*THE TASK*: Copy the data that follows, character for character, minus the pictures.

*INFORMATION SHOWN*:

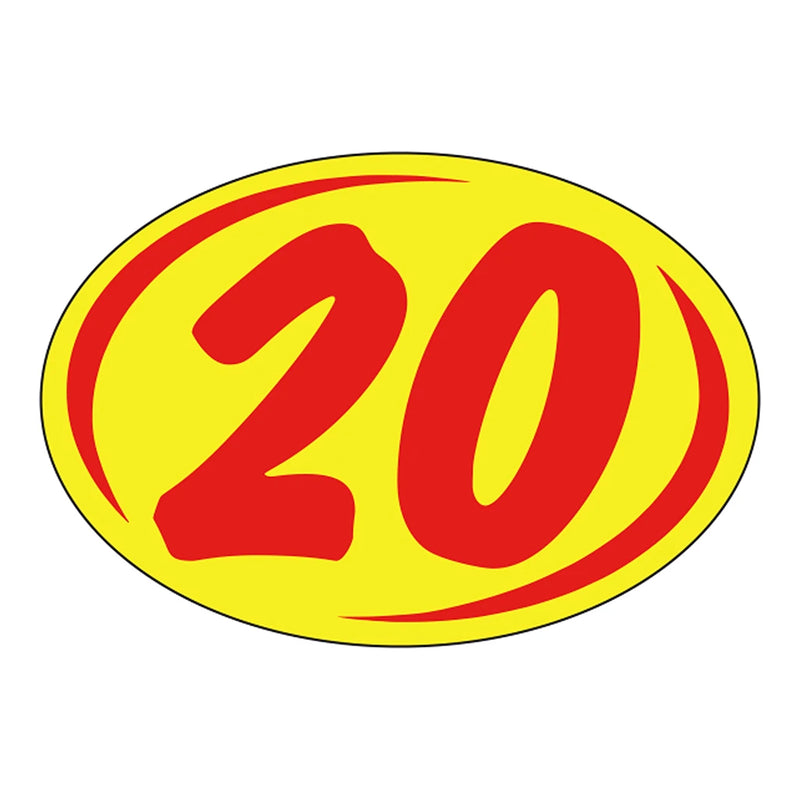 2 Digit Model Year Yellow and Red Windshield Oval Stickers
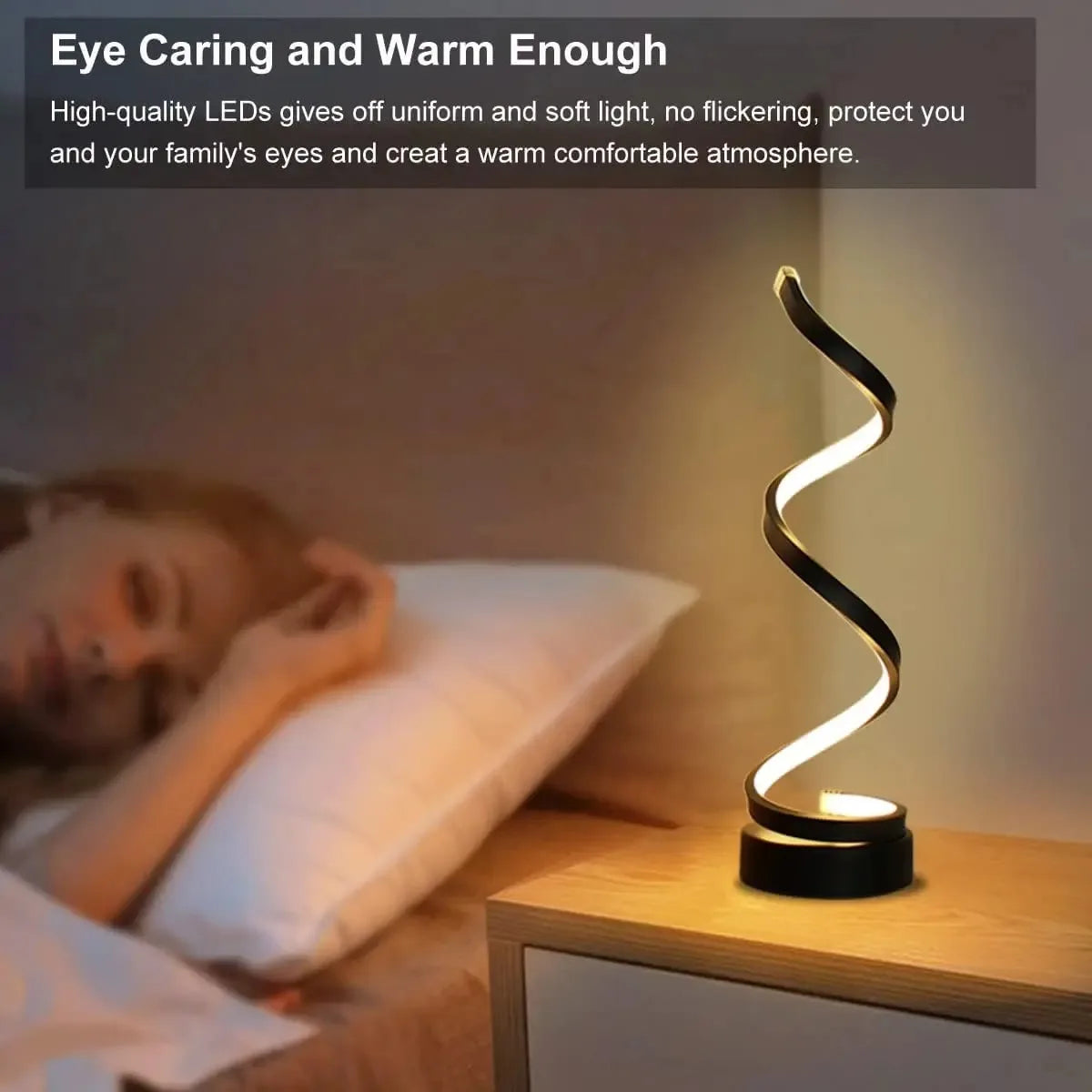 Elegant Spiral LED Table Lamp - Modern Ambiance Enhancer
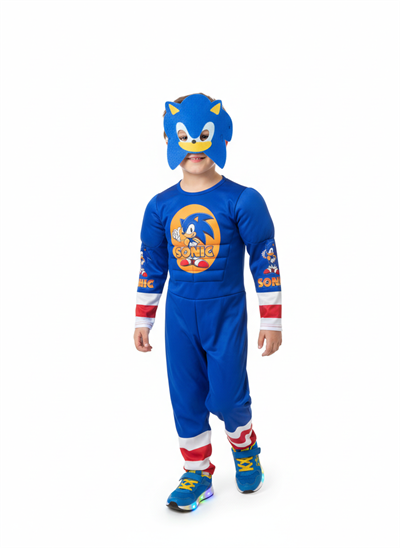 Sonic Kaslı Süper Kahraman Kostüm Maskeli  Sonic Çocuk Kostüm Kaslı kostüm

*EXERCISE ANSWER*:
 2 Digit Model Year Yellow and Red Windshield Oval Stickers
 Elegant Spiral LED Table Lamp - Modern Ambiance Enhancer
 Sonic Kaslı Süper Kahraman Kostüm Maskeli  Sonic Çocuk Kostüm Kaslı kostüm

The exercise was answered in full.